━━━━━ Record excerpts ━━━━━

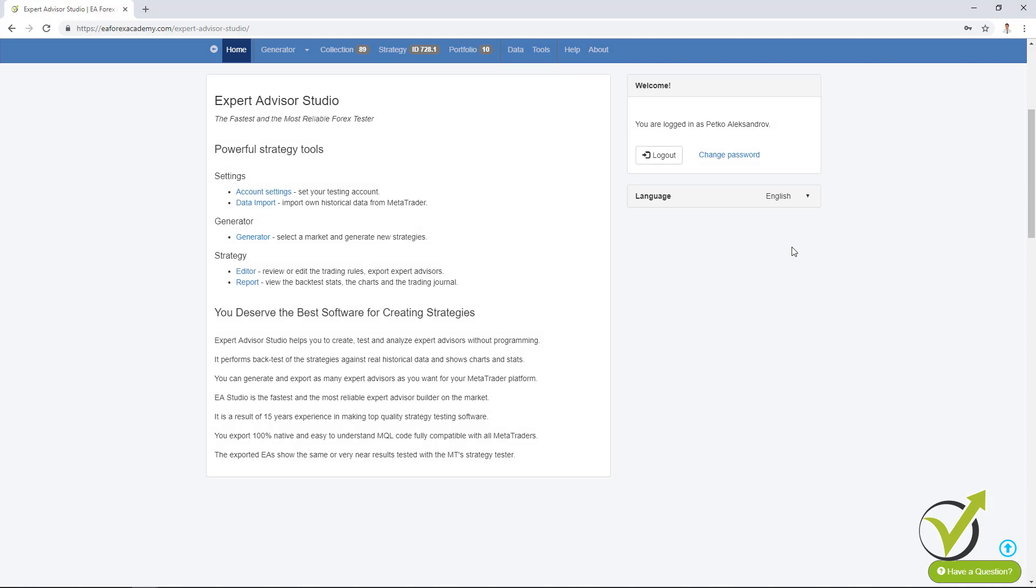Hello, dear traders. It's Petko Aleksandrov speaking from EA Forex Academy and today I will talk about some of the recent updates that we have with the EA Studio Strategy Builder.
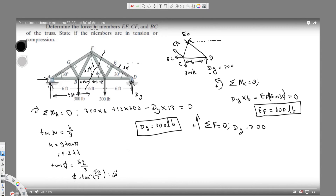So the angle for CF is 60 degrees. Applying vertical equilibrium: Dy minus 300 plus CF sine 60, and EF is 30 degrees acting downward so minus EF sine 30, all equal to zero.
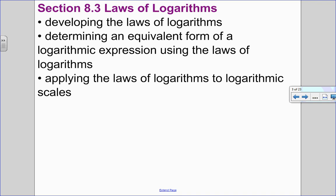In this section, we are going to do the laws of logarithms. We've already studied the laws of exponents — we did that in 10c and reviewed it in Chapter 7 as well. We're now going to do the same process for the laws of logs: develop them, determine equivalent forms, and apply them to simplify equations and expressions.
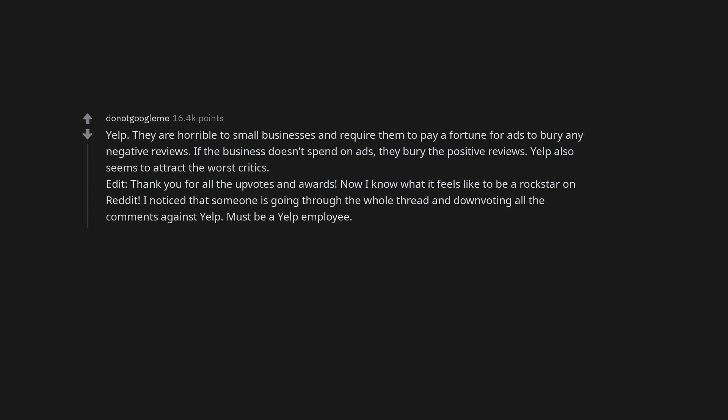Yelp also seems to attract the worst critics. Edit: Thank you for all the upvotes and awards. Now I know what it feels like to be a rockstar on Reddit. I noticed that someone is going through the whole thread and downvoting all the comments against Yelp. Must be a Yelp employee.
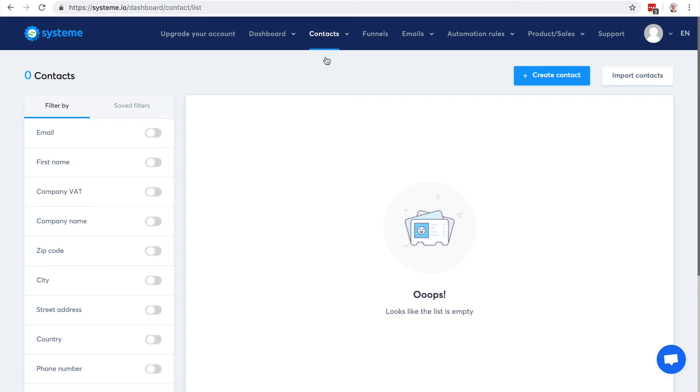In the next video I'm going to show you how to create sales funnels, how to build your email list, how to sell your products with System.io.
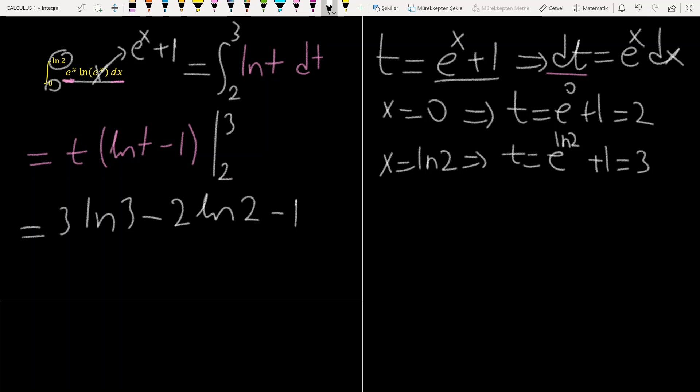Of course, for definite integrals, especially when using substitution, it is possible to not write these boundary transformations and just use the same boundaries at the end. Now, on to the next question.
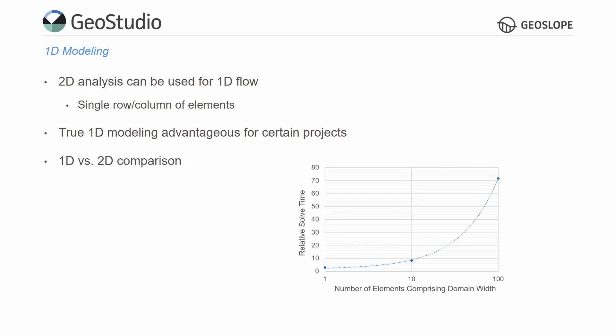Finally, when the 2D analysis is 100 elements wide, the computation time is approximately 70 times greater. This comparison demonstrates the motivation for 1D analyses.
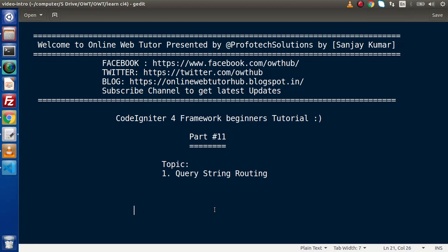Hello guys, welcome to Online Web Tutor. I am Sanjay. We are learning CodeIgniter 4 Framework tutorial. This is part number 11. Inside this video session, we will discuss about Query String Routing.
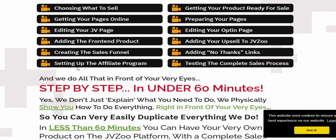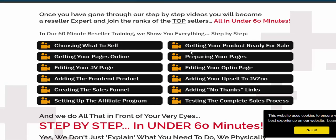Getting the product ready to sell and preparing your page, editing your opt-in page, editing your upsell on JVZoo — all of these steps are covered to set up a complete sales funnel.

━━━━━
━━━━━ Record excerpts ━━━━━

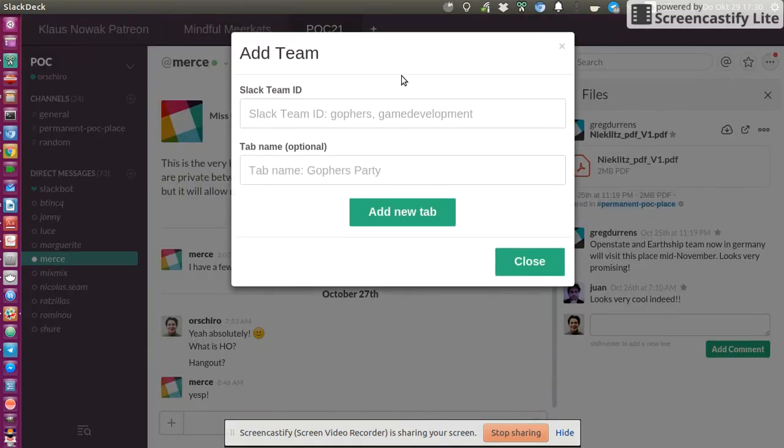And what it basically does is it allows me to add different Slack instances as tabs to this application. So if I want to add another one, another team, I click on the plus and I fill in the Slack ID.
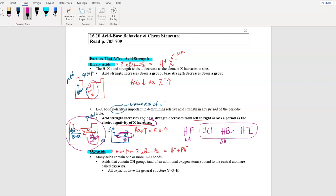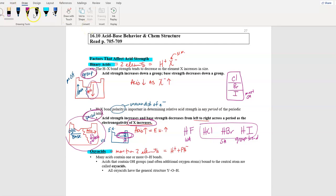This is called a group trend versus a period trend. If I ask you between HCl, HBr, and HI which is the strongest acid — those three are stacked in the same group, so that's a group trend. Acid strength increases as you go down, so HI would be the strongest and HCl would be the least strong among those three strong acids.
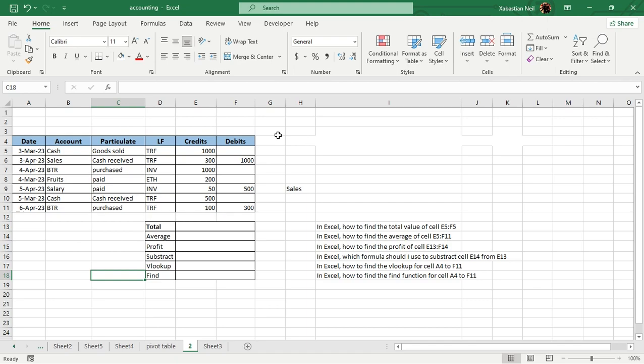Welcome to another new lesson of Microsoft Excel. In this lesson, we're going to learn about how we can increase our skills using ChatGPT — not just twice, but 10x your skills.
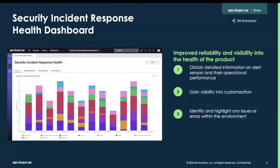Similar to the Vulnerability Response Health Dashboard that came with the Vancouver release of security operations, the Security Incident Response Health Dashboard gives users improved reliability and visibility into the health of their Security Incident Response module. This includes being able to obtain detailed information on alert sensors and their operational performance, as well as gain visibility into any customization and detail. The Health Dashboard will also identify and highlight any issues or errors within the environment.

━━━━━
━━━━━ Record excerpts ━━━━━

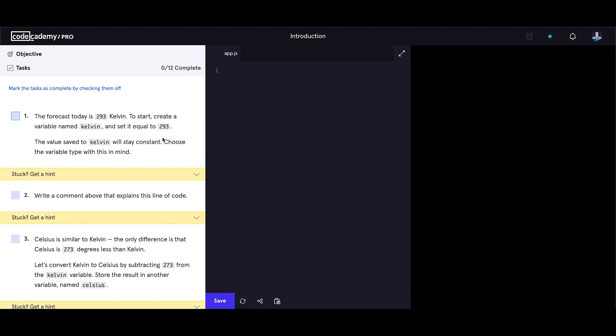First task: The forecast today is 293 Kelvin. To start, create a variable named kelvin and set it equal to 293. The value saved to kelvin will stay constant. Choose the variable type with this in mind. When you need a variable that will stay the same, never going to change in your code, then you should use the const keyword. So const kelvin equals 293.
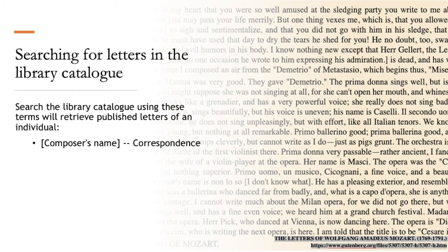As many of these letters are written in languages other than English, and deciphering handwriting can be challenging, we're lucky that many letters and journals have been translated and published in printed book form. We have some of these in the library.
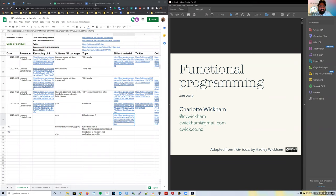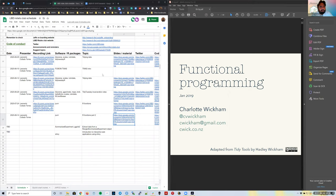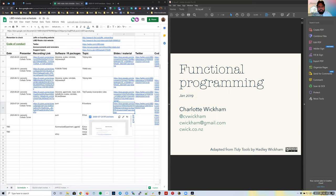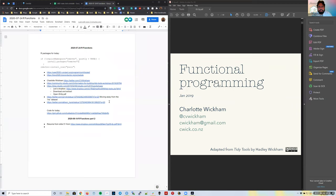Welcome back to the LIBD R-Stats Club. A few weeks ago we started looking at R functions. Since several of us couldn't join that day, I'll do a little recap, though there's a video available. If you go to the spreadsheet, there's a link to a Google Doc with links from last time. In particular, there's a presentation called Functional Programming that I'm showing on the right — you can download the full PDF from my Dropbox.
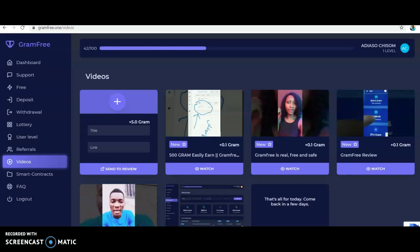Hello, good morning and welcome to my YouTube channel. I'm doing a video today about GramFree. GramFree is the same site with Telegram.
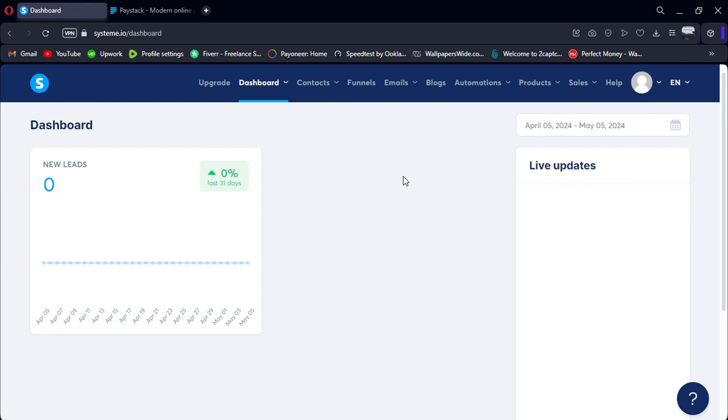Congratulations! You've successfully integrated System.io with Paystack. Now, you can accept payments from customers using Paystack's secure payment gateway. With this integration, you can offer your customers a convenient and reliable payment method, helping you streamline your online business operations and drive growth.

━━━━━

→ Task to complete
Return only the stretch above from the line containing "Hello, dear traders." through the line containing "Hello guys, welcome", word for word and without pictures.

→ Exercise result
Hello, dear traders. It's Petko Aleksandrov speaking from EA Forex Academy and today I will talk about some of the recent updates that we have with the EA Studio Strategy Builder.
So the angle for CF is 60 degrees. Applying vertical equilibrium: Dy minus 300 plus CF sine 60, and EF is 30 degrees acting downward so minus EF sine 30, all equal to zero.
In this section, we are going to do the laws of logarithms. We've already studied the laws of exponents — we did that in 10c and reviewed it in Chapter 7 as well. We're now going to do the same process for the laws of logs: develop them, determine equivalent forms, and apply them to simplify equations and expressions.
Yelp also seems to attract the worst critics. Edit: Thank you for all the upvotes and awards. Now I know what it feels like to be a rockstar on Reddit. I noticed that someone is going through the whole thread and downvoting all the comments against Yelp. Must be a Yelp employee.
In the next video I'm going to show you how to create sales funnels, how to build your email list, how to sell your products with System.io.
Of course, for definite integrals, especially when using substitution, it is possible to not write these boundary transformations and just use the same boundaries at the end. Now, on to the next question.
Finally, when the 2D analysis is 100 elements wide, the computation time is approximately 70 times greater. This comparison demonstrates the motivation for 1D analyses.
Hello guys, welcome to Online Web Tutor. I am Sanjay. We are learning CodeIgniter 4 Framework tutorial. This is part number 11. Inside this video session, we will discuss about Query String Routing.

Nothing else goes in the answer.